(Short web captions)
════════════════════
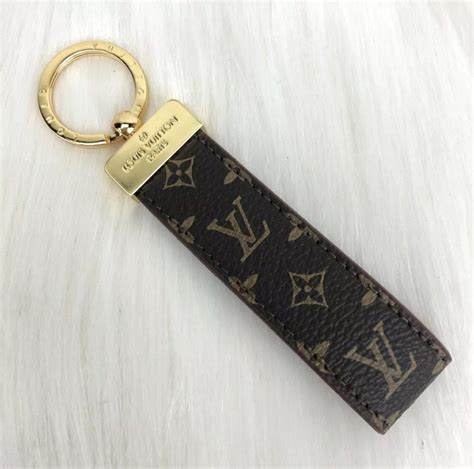 lv keychain fake|louis vuitton key pouch dupe.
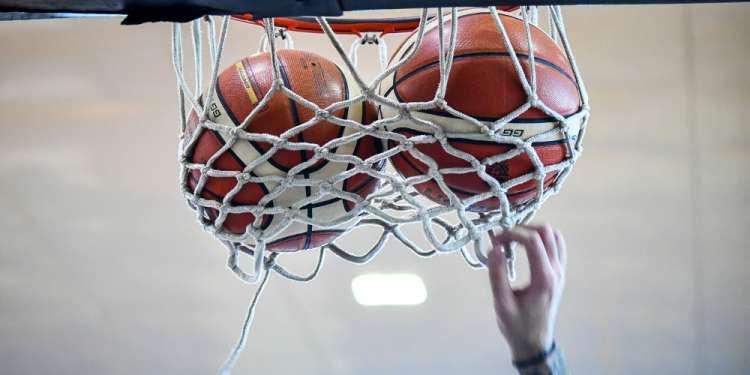 μπασκετμπολίστας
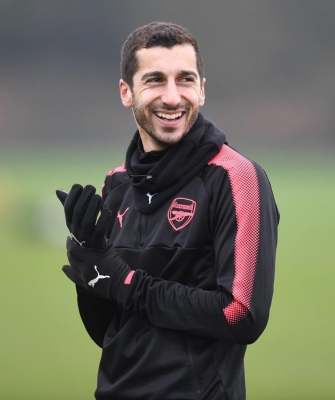 Նա Հենրիկ Մխիթարյանն է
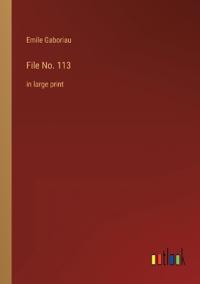 File No. 113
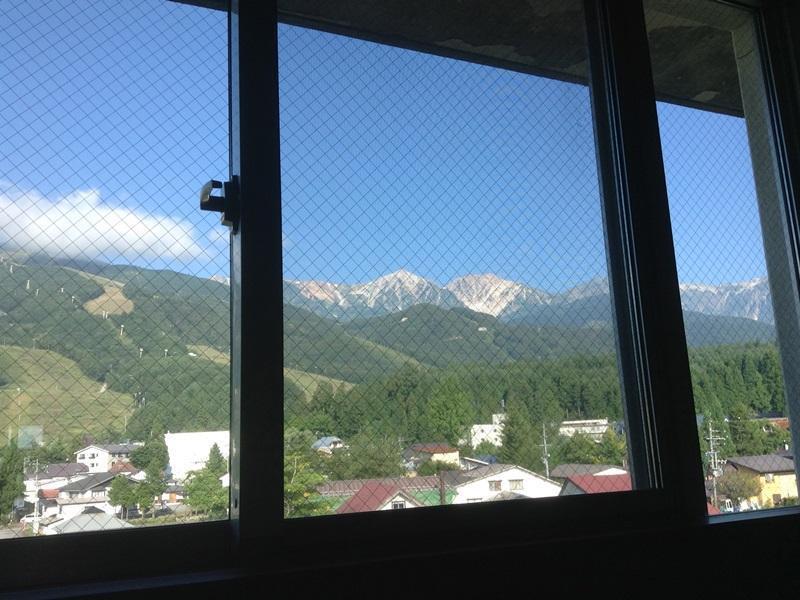 Happokan Hakuba Exterior photo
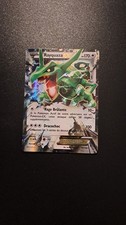 Carte Pokémon Rayquaza EX 75/108 XY6 Ciel Rugissant Bloc XY FR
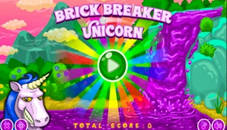 Brick Breaker Unicorn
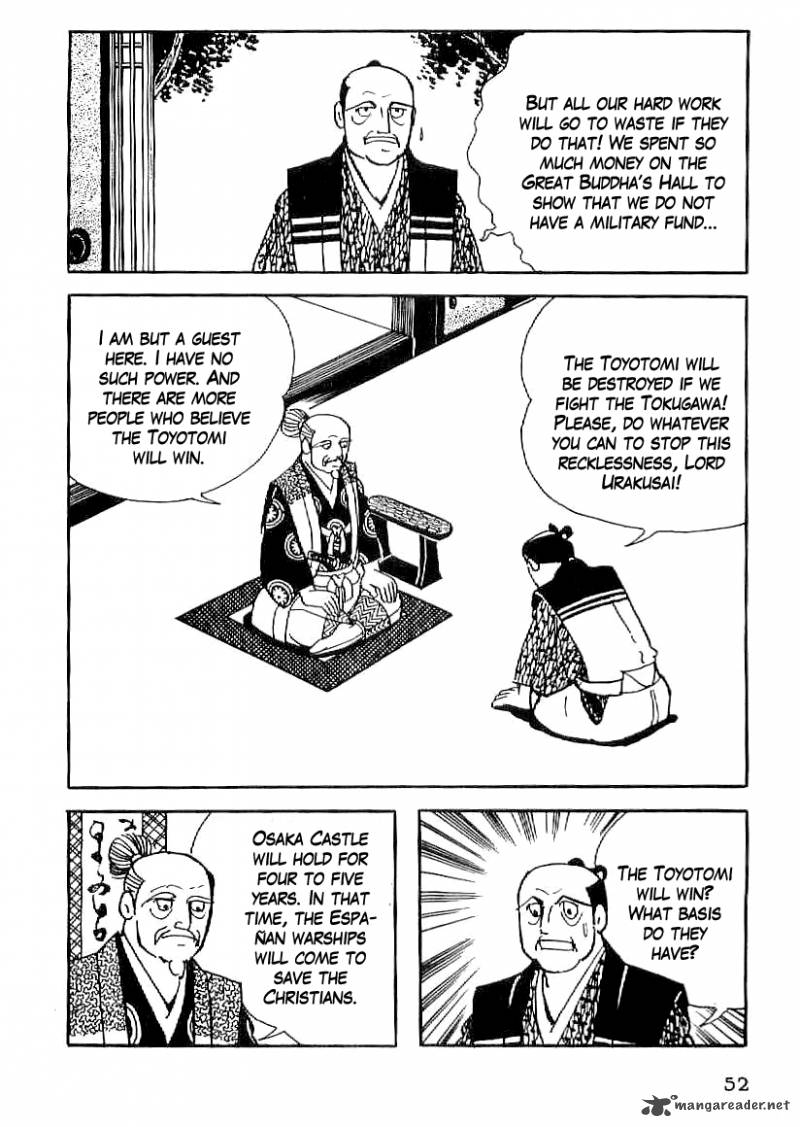 Date Masamune Yokoyama Mitsuteru Chapter 48 Page 11
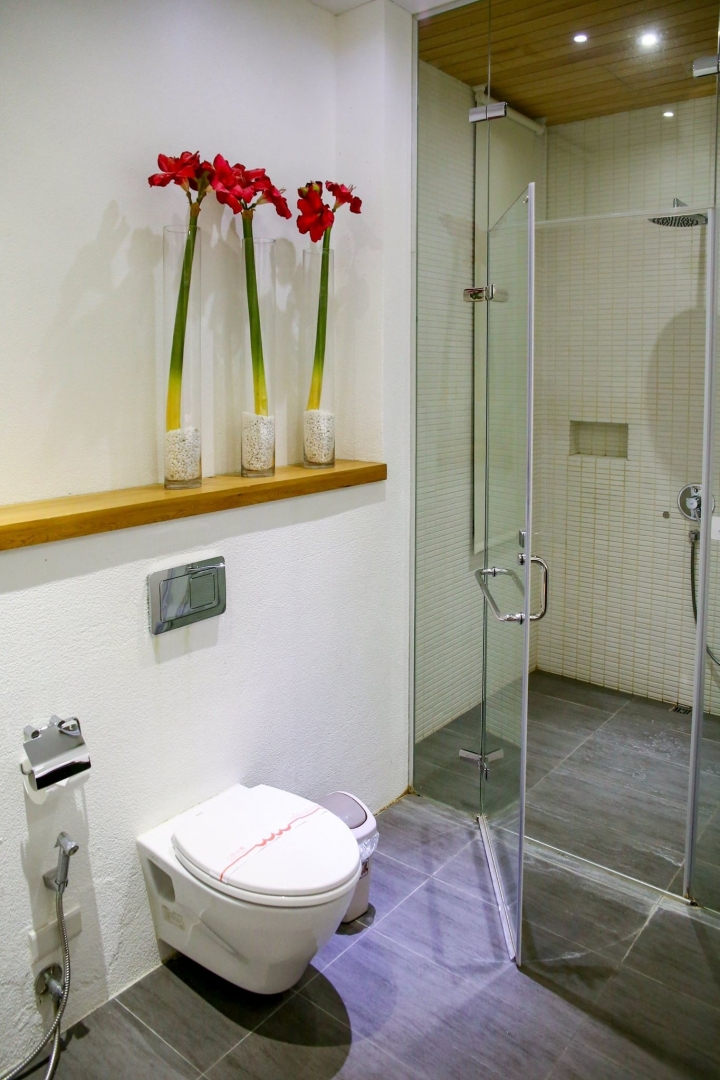 【玩 台南】H Villa 清水漾 彷彿置身峇里島的獨棟夢幻Villa。還隱藏美食真是太幸福啦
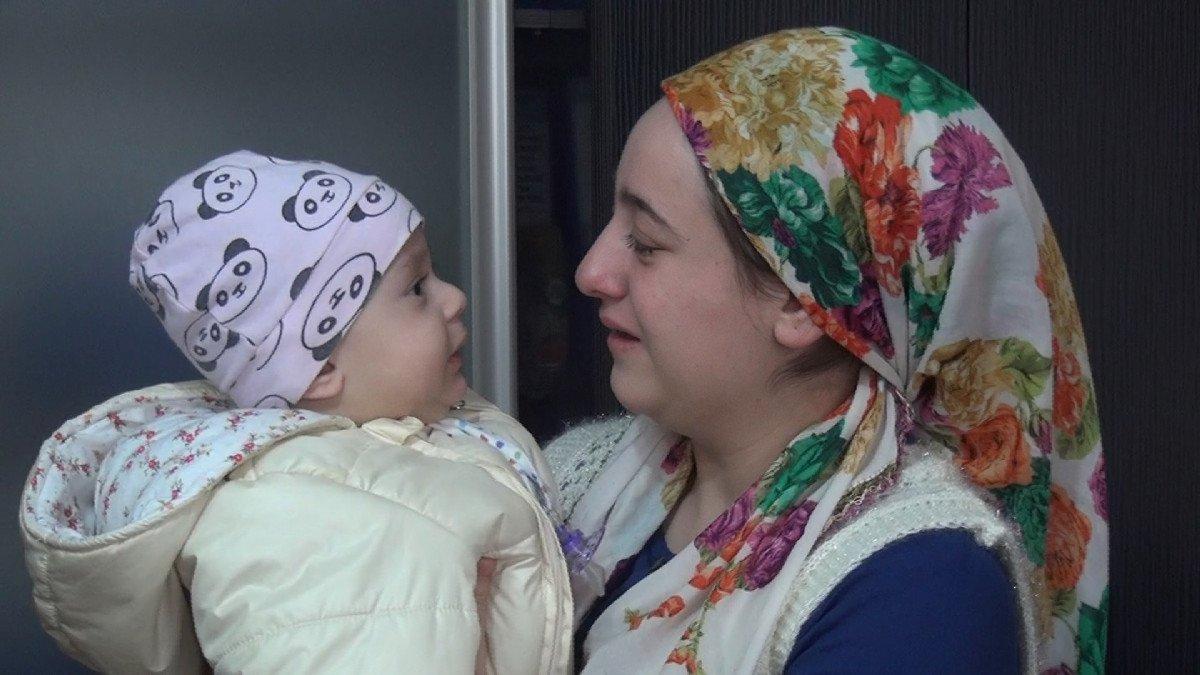 Bursa'da 7 ay önce doğurduğu kızını aylar sonra gördü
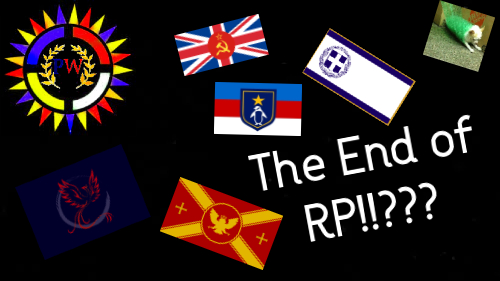 Politics and War Theory: The End of RP???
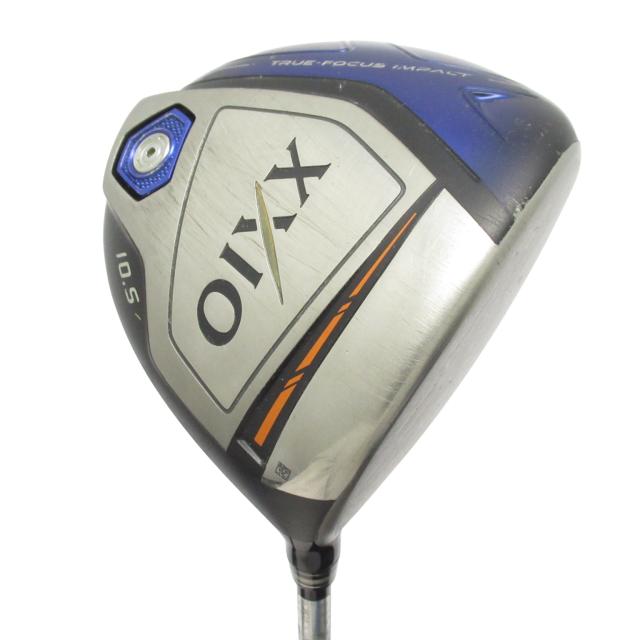 【中古ゴルフクラブ】ダンロップ　XXIO　ゼクシオ(2018) ドライバー MP1000　シャフト：MP1000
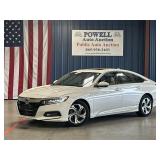 2019 Honda ACCORD EX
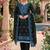 Art Silk Unstitched Dress Material
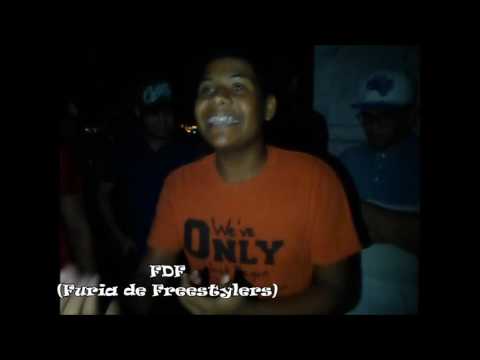 Eloy y Ricardo Vs Noel Cash y Sam--Batalla de Freestyle||Monumento Santiago||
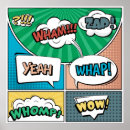 Search for comic style posters Border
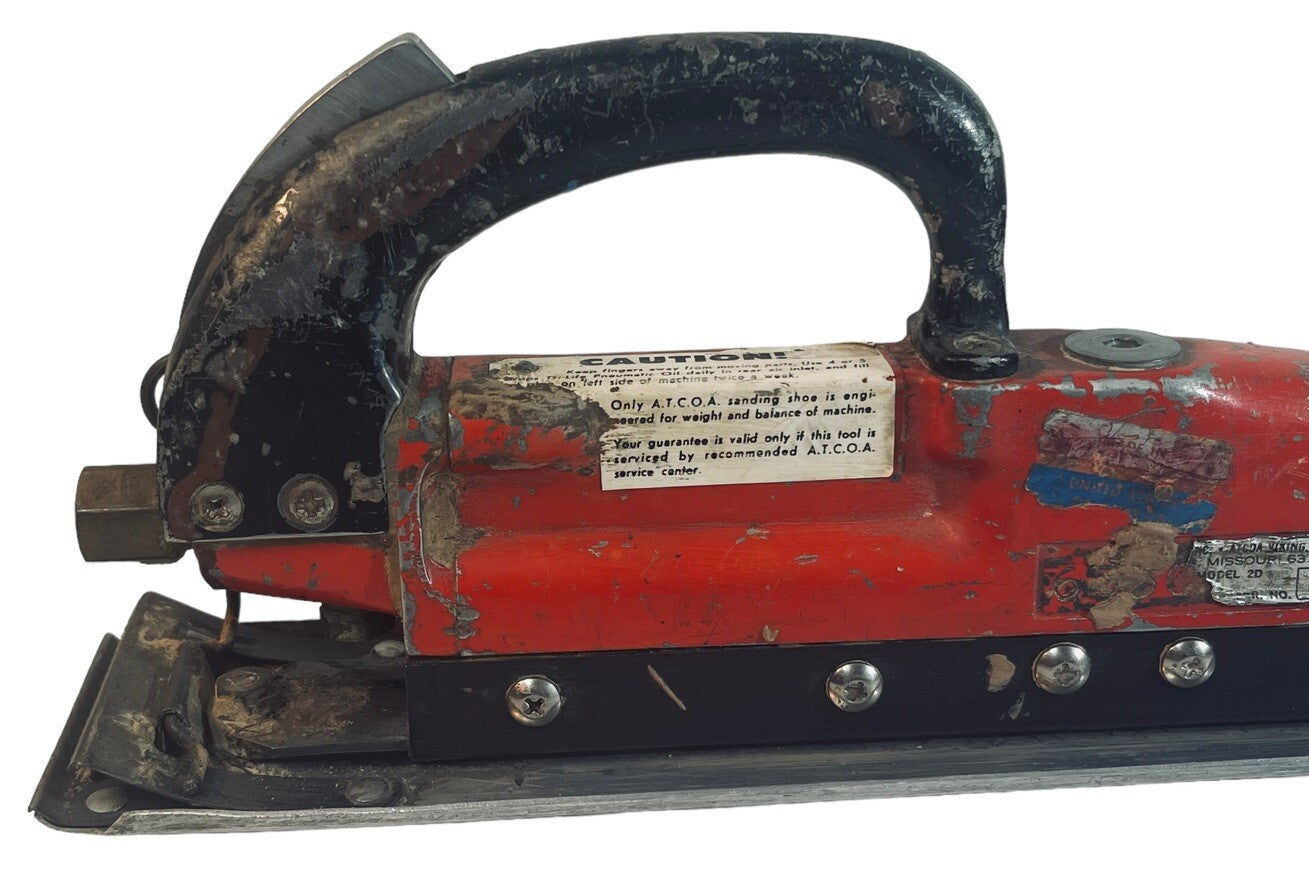 Dual Air Tool Model 2D, Viking  NO. 63307 - PEROWNED-WORKS GREAT-FREE SHIPPING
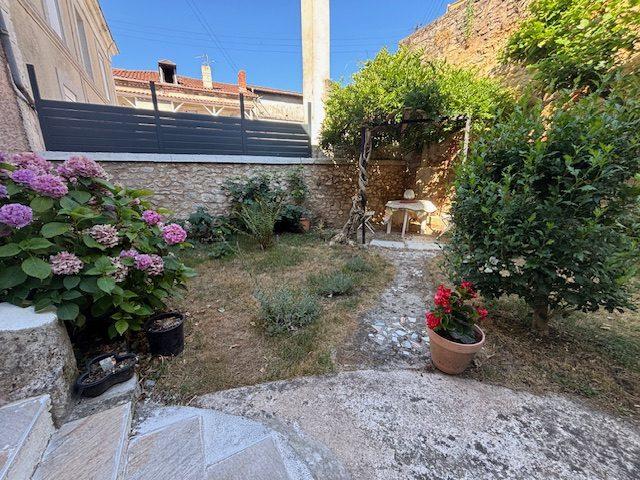 Maison - 65 m² - 3 pièces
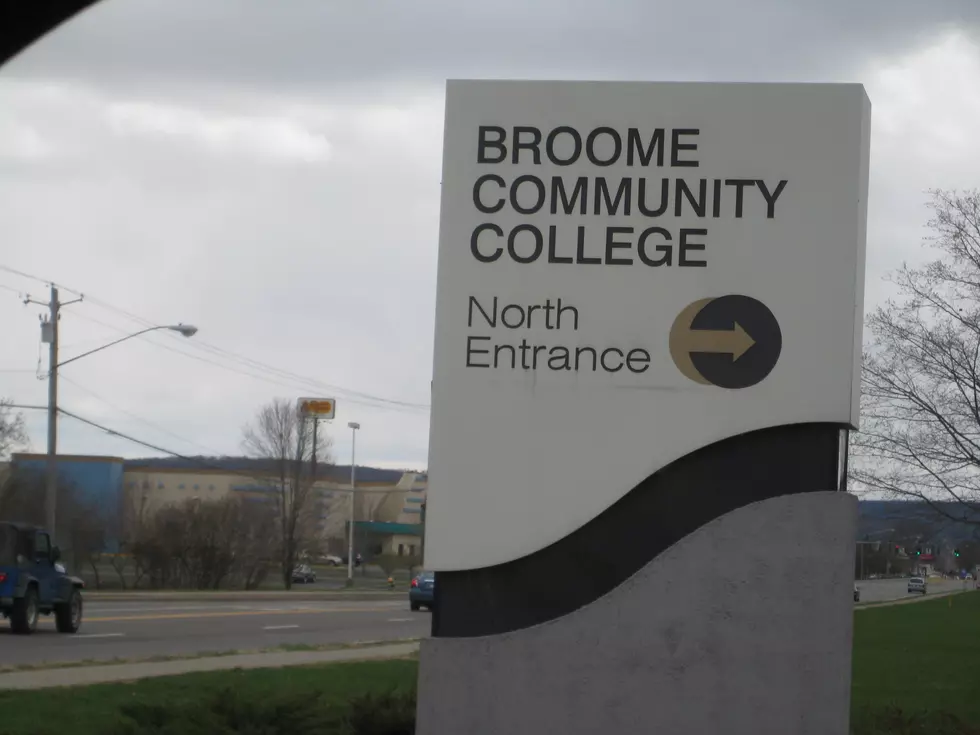 SUNY Broome Students Sleep Out for Homelessness Awareness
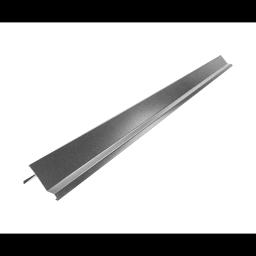 Završna krovna vjetrobranska lajsna  - Pocink obojeni
MATT  - Antracit MATT  -  Slika 1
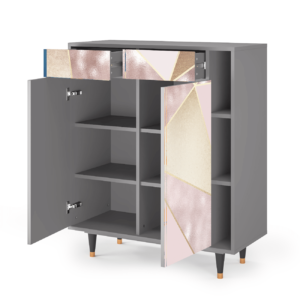 Sideboard - STORYZ - BS6 Cosmopolitan Diva - Grey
════════════════════
# WHAT IS BEING ASKED
Start at the line that contains "Happokan Hakuba Exterior photo" and retype every line through the end of the entries above, both ends included. Exclude all pictures.

# RESULT
 Happokan Hakuba Exterior photo
 Carte Pokémon Rayquaza EX 75/108 XY6 Ciel Rugissant Bloc XY FR
 Brick Breaker Unicorn
 Date Masamune Yokoyama Mitsuteru Chapter 48 Page 11
 【玩 台南】H Villa 清水漾 彷彿置身峇里島的獨棟夢幻Villa。還隱藏美食真是太幸福啦
 Bursa'da 7 ay önce doğurduğu kızını aylar sonra gördü
 Politics and War Theory: The End of RP???
 【中古ゴルフクラブ】ダンロップ　XXIO　ゼクシオ(2018) ドライバー MP1000　シャフト：MP1000
 2019 Honda ACCORD EX
 Art Silk Unstitched Dress Material
 Eloy y Ricardo Vs Noel Cash y Sam--Batalla de Freestyle||Monumento Santiago||
 Search for comic style posters Border
 Dual Air Tool Model 2D, Viking  NO. 63307 - PEROWNED-WORKS GREAT-FREE SHIPPING
 Maison - 65 m² - 3 pièces
 SUNY Broome Students Sleep Out for Homelessness Awareness
 Završna krovna vjetrobranska lajsna  - Pocink obojeni
MATT  - Antracit MATT  -  Slika 1
 Sideboard - STORYZ - BS6 Cosmopolitan Diva - Grey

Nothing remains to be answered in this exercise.